Waarom zitten er zo vaak 24, 36 of 48 pakken in een doos en nooit bijvoorbeeld 23? Oh, is dat zo? Goed. Orde. Oh ja, 2 keer 4 is 8. 2 keer 4 is 8. Hm. Maar hoeveel lagen zouden er dan in zitten? Aha, nog een laag met 8 doosjes. Dat maakt 2 keer 2 keer 4 is 16. Aha, 8 in elke laag! 3 keer 2 keer 4 is 24. Hier staat ook 24. Maar deze is veel platter. Even kijken hoe deze dan is ingepakt. 3 keer 4 is 12. Ik denk dat ik ‘m snap! Check! Het zijn nu maar 2 lagen. Dus 2 keer 3 keer 4 is ook 24! 24 kan ook zo. 2 lagen van 2 keer 6 is ook 24. Of: 6 keer 2 keer 2 is ook 24! Wat was de vraag ook alweer? Oh ja: waarom er zo vaak 24, 36 of bijvoorbeeld 48 pakken in een doos zitten, maar nooit 23.
3 keer 3 keer 4, samen 36. Check. 1, 2… 4 keer 3 keer 4, samen 48. Check. Nu naar 23. Dit zijn er 23, maar dat is lang niet zo mooi. Ja, met 24 pakken kun je een doos mooi vullen, met 36 of 48 ook. Maar: conclusie concreet: met 23 kan dat dus niet.
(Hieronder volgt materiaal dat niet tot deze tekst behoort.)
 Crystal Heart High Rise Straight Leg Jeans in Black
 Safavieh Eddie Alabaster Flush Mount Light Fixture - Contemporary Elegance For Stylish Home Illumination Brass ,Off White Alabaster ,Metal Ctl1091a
Controleer alles een tweede keer, check uw antwoord, maar nu met tegeltjes. Check! Is 24 een supergetal? 4 keer 6. Check! Nu een patroon van 3 keer 8. 3 keer 8, check. Nu een patroon 2 keer 12. 2 keer 12, check. Maar hoe zit het dan met 23? Nu haal ik er eentje weg. 8 keer 3, maar dan is er één weg. Dus dat gaat niet. 6 keer 4, maar er is er ook één weg, dus dat gaat ook niet. 23 kan dus alleen 1 keer 23 of 23 keer 1. Dat is eigenlijk ook wel heel bijzonder! Conclusie concreet: 23 is eigenlijk best een zielig getal.